From the Farmer’s Market into the Kitchen by Susan Guillory

Food is the essence of my social life, profession, and health. This time of year, each week is organized around trips to the farmer’s markets and farms located in my area. For myself and many others, this routine is not just a hobby—it’s a lifestyle. Just recently I read a real estate article that explained the trendy concept of marketing residences for “foodies.” Some homes are being advertised not only for their kitchens, but also for their proximity to the best farmer’s markets and grocery stores!

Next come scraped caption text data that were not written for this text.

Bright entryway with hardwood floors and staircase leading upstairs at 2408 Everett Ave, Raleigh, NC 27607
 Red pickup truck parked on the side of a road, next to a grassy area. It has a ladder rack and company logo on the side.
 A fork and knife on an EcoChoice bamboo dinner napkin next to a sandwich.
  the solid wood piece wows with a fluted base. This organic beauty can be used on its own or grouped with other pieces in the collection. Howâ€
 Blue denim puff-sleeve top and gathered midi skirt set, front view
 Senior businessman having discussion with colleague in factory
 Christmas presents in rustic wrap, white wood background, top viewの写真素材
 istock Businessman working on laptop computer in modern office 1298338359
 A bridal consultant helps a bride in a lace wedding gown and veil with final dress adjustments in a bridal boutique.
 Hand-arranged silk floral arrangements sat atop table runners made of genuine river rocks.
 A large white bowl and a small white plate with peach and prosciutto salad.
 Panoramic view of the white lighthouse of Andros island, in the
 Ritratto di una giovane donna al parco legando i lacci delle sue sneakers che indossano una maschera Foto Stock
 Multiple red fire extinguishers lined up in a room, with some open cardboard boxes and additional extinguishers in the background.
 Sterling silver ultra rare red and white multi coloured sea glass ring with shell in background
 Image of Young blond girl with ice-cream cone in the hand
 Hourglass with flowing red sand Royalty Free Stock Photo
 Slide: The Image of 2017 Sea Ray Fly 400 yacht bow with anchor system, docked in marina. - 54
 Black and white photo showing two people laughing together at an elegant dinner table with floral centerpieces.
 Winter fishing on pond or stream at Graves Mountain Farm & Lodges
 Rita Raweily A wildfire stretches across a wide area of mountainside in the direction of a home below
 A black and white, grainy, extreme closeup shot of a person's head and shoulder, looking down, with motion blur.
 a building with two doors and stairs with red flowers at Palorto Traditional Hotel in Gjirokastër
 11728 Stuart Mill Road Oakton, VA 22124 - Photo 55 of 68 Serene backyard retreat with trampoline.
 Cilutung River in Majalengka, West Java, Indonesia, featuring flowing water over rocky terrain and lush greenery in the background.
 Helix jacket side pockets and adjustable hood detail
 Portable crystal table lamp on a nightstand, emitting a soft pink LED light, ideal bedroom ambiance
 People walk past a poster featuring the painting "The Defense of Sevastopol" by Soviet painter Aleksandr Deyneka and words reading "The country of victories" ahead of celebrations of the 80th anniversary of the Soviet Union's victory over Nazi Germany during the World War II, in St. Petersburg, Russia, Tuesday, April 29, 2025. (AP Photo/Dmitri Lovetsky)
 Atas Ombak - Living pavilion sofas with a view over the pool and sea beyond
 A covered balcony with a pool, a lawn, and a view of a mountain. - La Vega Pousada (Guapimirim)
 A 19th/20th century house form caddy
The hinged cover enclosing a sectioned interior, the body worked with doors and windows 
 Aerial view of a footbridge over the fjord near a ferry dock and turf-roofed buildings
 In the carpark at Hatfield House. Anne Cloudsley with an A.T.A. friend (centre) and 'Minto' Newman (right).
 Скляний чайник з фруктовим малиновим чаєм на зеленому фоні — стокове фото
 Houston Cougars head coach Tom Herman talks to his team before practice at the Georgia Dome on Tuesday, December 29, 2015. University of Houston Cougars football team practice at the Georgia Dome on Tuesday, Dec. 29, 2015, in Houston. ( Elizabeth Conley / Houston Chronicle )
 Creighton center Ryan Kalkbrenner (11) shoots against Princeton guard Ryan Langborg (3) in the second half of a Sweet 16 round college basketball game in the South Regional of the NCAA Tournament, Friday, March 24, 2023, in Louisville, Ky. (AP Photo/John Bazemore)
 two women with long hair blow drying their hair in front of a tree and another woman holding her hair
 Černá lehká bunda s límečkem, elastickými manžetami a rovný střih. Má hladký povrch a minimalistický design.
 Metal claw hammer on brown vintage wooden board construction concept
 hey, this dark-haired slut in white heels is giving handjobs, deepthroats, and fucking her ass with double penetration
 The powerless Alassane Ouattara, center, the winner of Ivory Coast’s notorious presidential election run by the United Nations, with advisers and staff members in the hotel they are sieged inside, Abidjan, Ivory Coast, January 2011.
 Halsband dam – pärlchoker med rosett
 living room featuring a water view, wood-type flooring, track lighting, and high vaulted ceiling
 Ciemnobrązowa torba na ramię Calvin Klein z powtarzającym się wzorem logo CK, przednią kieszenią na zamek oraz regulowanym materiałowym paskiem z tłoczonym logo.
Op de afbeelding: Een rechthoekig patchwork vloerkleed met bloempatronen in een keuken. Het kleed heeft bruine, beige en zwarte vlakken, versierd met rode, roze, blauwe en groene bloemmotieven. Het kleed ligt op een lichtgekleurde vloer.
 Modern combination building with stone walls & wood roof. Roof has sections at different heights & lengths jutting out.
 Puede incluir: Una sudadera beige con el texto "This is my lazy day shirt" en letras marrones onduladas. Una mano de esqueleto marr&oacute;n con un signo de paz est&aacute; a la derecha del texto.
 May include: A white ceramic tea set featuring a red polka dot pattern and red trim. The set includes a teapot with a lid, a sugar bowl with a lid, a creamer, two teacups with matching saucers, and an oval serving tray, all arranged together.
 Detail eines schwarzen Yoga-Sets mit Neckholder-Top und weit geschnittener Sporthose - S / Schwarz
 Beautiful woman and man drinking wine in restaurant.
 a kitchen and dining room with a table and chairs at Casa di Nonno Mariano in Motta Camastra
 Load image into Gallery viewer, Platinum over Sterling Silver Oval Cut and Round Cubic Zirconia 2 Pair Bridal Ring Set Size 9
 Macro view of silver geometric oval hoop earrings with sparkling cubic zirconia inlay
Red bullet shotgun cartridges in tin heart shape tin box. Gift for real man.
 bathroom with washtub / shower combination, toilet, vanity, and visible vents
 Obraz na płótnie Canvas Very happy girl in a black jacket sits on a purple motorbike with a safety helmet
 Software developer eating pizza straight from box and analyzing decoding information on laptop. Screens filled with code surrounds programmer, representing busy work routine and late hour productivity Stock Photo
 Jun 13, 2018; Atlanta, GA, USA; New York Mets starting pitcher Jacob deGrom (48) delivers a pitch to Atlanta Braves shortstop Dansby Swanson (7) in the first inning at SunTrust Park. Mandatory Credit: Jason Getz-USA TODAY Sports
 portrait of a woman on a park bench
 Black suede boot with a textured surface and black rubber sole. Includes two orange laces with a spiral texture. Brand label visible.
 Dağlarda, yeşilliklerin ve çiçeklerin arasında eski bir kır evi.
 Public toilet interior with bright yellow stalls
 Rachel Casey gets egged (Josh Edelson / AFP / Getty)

While at the market or farm I make a point of connecting with the farmers and developing relationships, but I especially take the time to savor the grounded-ness and earthiness of the soil, so that I can bring this energy back to my kitchen. The visual presentation of fresh produce piles brings a sense of calm and peacefulness to my very core. Touching and handling the sometimes dirt-covered vegetables connects me with the earth—a comforting respite on a Sunday morning in a crowded city.

  

With renewed calm I enter my kitchen and start my post-shopping ritual. All foods are thoughtfully placed with the present and future in mind. Perishable greens are promptly removed from the tops of turnips, beets, and even radishes. They are lightly cooked and refrigerated for future use. Now is the time of year that I start stocking up on root veggies that will last for a couple of months when refrigerated. Sundays are my day for cooking for the week, so menus are planned around the day’s bounty. I often find it’s a great time to stew soft fruits, oven-roast beets, and get all the time consuming preparation out of the way.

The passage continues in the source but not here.